As an author, Neal Stephenson hooked me with Snow Crash.
His canon growing along with his skills as a novelist, perhaps just improving on his craft as that’s all any of us can really hope to achieve, I’ve read, and re-read most of his works. I’m especially fond of his mammoth Quicksilver trilogy, which loosely includes five books.
I own a paperback copy of the oddball one, and when I saw REAMDE on a stack at a bookstore, I was thrilled.
REAMDE. It’s another thousand-page epic, with that Scorpio attention to detail, taking the thriller out for a spin.
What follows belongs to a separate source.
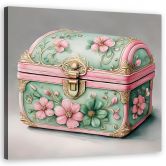 Leinwandbild Retro Vintage Truhe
Less Science Fiction and more contemporary novel, I wonder if there is a new genre — the Neal Stephenson style.
Intricate and interlaced, tightly woven, Jim-Dandy, Cracker-Jack plots and sub-plots, with that typical Scorpio sneer towards flippant sarcasm, entwined with furious details.
I bought the book, in a bookstore, all thousand-plus pages, and I read part of it. Shortly thereafter, I bought the Kindle version installed on my iPad — much lighter than the original book form.
It’s not the first book I’ve read as an eBook, on the iPad, but it’s the first one I carried around to read.
The transition from book to ebook, I’ve bucked the trend, but I caved in when I realized that I know own both the hardback and the digital (with DRM) format, and together, the price was less than the retail version of the book.
I may miss pages, but the electronic version is well-suited to this epic novel’s style — and heft.
Bonus: it’s a ripping yarn.
Then, too, there’s that little “interactive” feature. The author is nothing if he’s not an over-achieving wordsmith. The Kindle app has a “tap twice for a dictionary definition” feature, which, when reading someone like Stephenson, it’s quite handy.
Do I miss reading with a dictionary at hand?
I’m unsure.
Does anyone else get the “Rocky and Bullwinkle” allusions?
Think that showed up in earlier works, too. Speaks to a certain age.